A user’s identity is actually the sum total of verified claims about them, from other parties.
Those parties, in turn, have identities. With DNS, they are public identities provided by nameservers. The nameservers have identities via being issued IP numbers. Many of these identities also contain routing information for how to actually get a request routed to a specific server program running on the internet (or a relay/hub that will deliver the message to a client who will eg decrypt it).
With Javascript, we can take advantage of DNS in an even more straightforward way. Simply use postMessage to an iframe running on the user’s personal app domain. The origin in the browser is guaranteed by https, DNS and IP. The trusted computing base is the OS and browser. You can do much more than authentication with it.
I would say that we do NOT actually neeed DNS though.
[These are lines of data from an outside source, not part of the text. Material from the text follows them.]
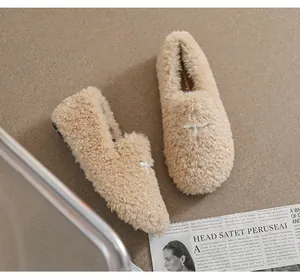 Detailed top view of beige faux fur loafers featuring white cross-stitch embroidery details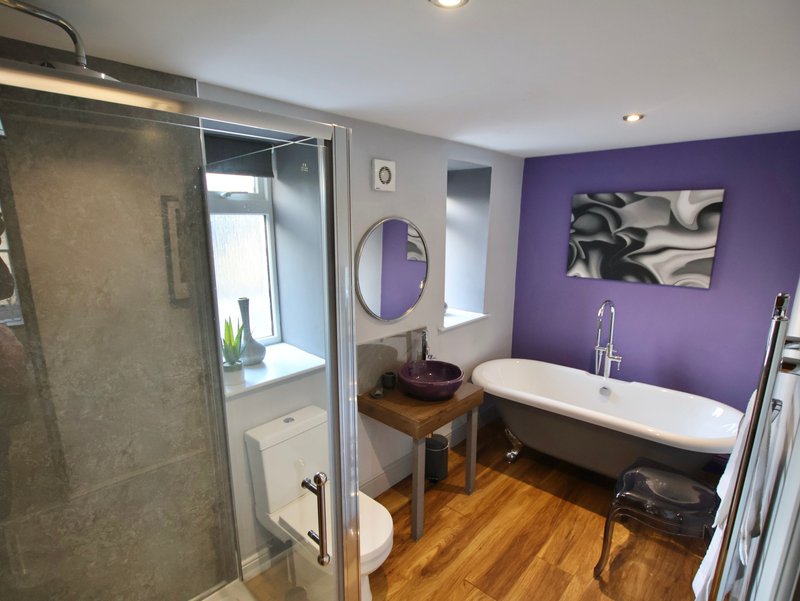Modern bathroom with purple accent wall, freestanding bathtub, walk-in shower, and wooden flooring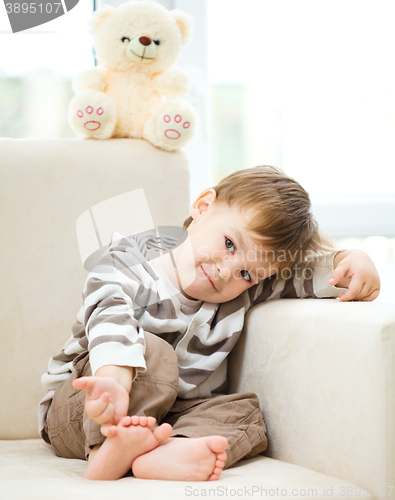 Image of Portrait of a little boy with his teddy bear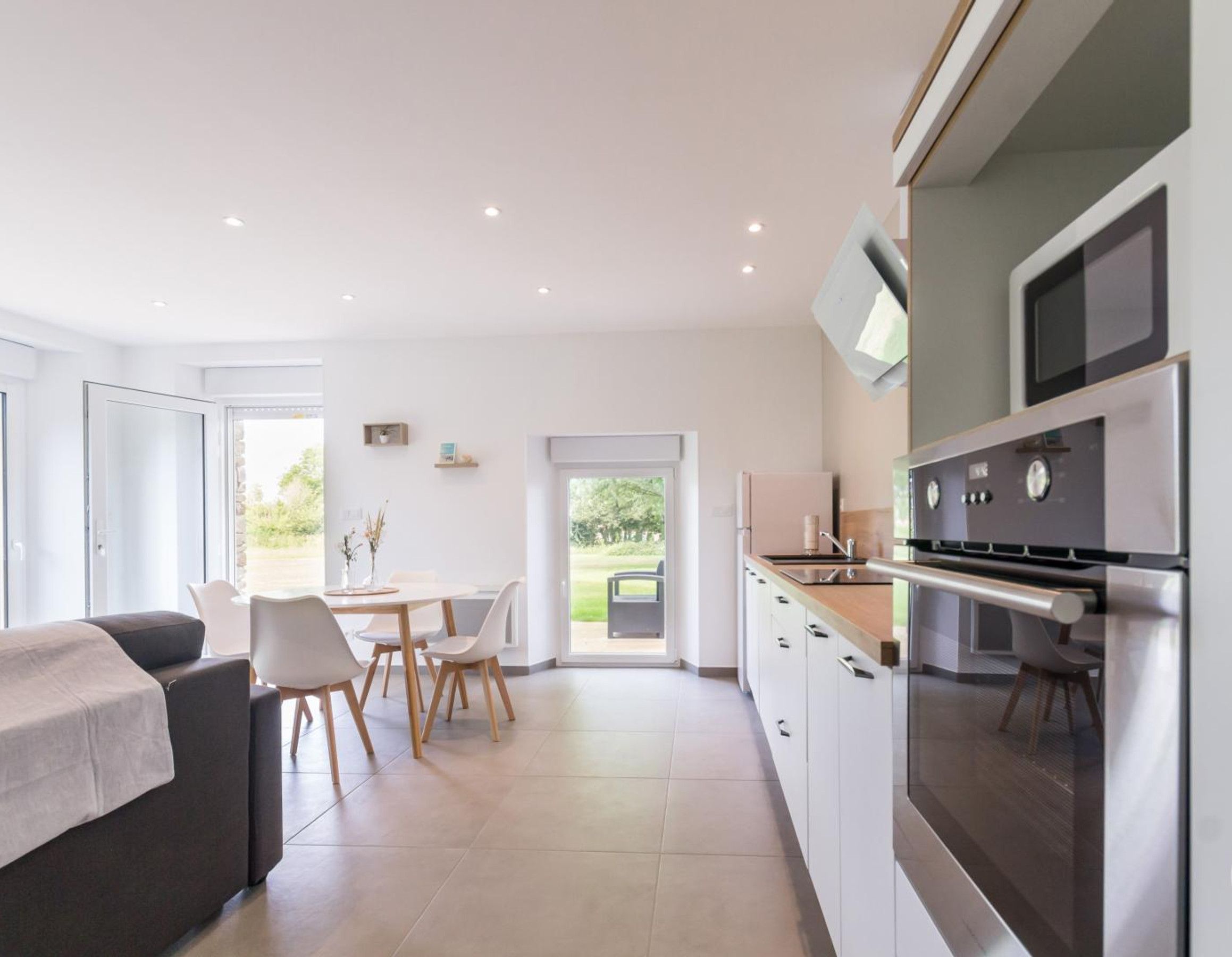 Une cuisine moderne équipée d’appareils électroménagers en acier inoxydable, un coin repas avec des chaises blanches et une vue sur la verdure environnante.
For example, the domain inside the iframe can be intercepted by a cordova application, and represent the LOCAL CLIENT ON YOUR PHONE. No servers needed at all. You can provide your personal data to those peers who need it, without having a “public” identity.
Your identity still consists of verified claims by other entities, but in this case the entity is the app running on your phone(s), not a website running on servers. Sure, it didn’t register a “real” domain name with the federated DNS system - and sure, it didn’t get a certificate for the https with the federated “certificate authority” PKI system - but you have previously communicated the public key to your friends in a trusted side channel, and can always prove it is still you via an interactive chat or videoconference. So they trust the identity provider running locally on your devices, and no servers needed.
The only question becomes how to route messages to you. Friends can leave them on various computers all over the internet, redundantly, encrypted with the public key. They just have to bootstrap the initial addressess of mailboxes somehow. This can happen when you send the public key in the side channel, but it DOES require some sort of global network like DNS or a DHT or Apple Notifications, some sort of singleton that both parties can reach. This is the ONLY need for it — for deliverability, NOT security.